On the property offered for sale (28.3 acres) are the (Former) Residence of the Archbishop, constructed by Cardinal William O’Connell with a gift from the Keith Family and occupied by him and his successors since 1927. A gymnasium completed in 1938 for the seminary, also with a donation from the Keith Family. There is a garage constructed in the 1960s for the use of the faculty of the seminary as well as for the maintenance staff. The remaining small chapel of the Immaculate Conception atop the hill abutting the orchard is the tomb of Cardinal O’Connell.
On the property not offered for sale (two separate parcels: 28.0 and 4.2 acres) is the seminary and chancery complex. A series of buildings built at various times during the times of Archbishop Williams and Cardinals O’Connell and Richard Cushing.
The main seminary building: St. John Hall with its chapel completed in the late 1880s by Archbishop Williams. Cardinal Cushing joined a new building to it in the late 50s, named for a former rector, Bishop John Peterson. On Foster Street is St. Clement Hall built by Cardinal O’Connell in 1940 and added to by Cardinal Cushing in the early 1950s.

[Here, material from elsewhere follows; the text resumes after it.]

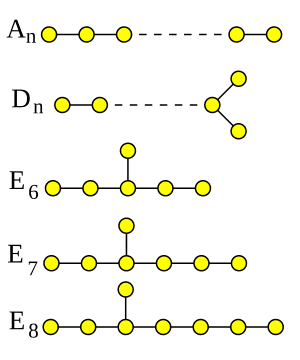 thumbnail of dbpedia resource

The newest of the seminary buildings is the library completed in the mid 1960s.
At the corner of the property on Lake and Commonwealth is the Tribunal Building completed by Cardinal O’Connell in 1929 and used initially as the diocesan building or chancery. At the main entrance are the Creagh Library, formerly a research library for canon lawyers, now housing archdiocesan offices. In the 1950s with the expansion of archdiocesan offices Cardinal Cushing erected the Chancery proper which houses most of the offices of the agencies of the archdiocese.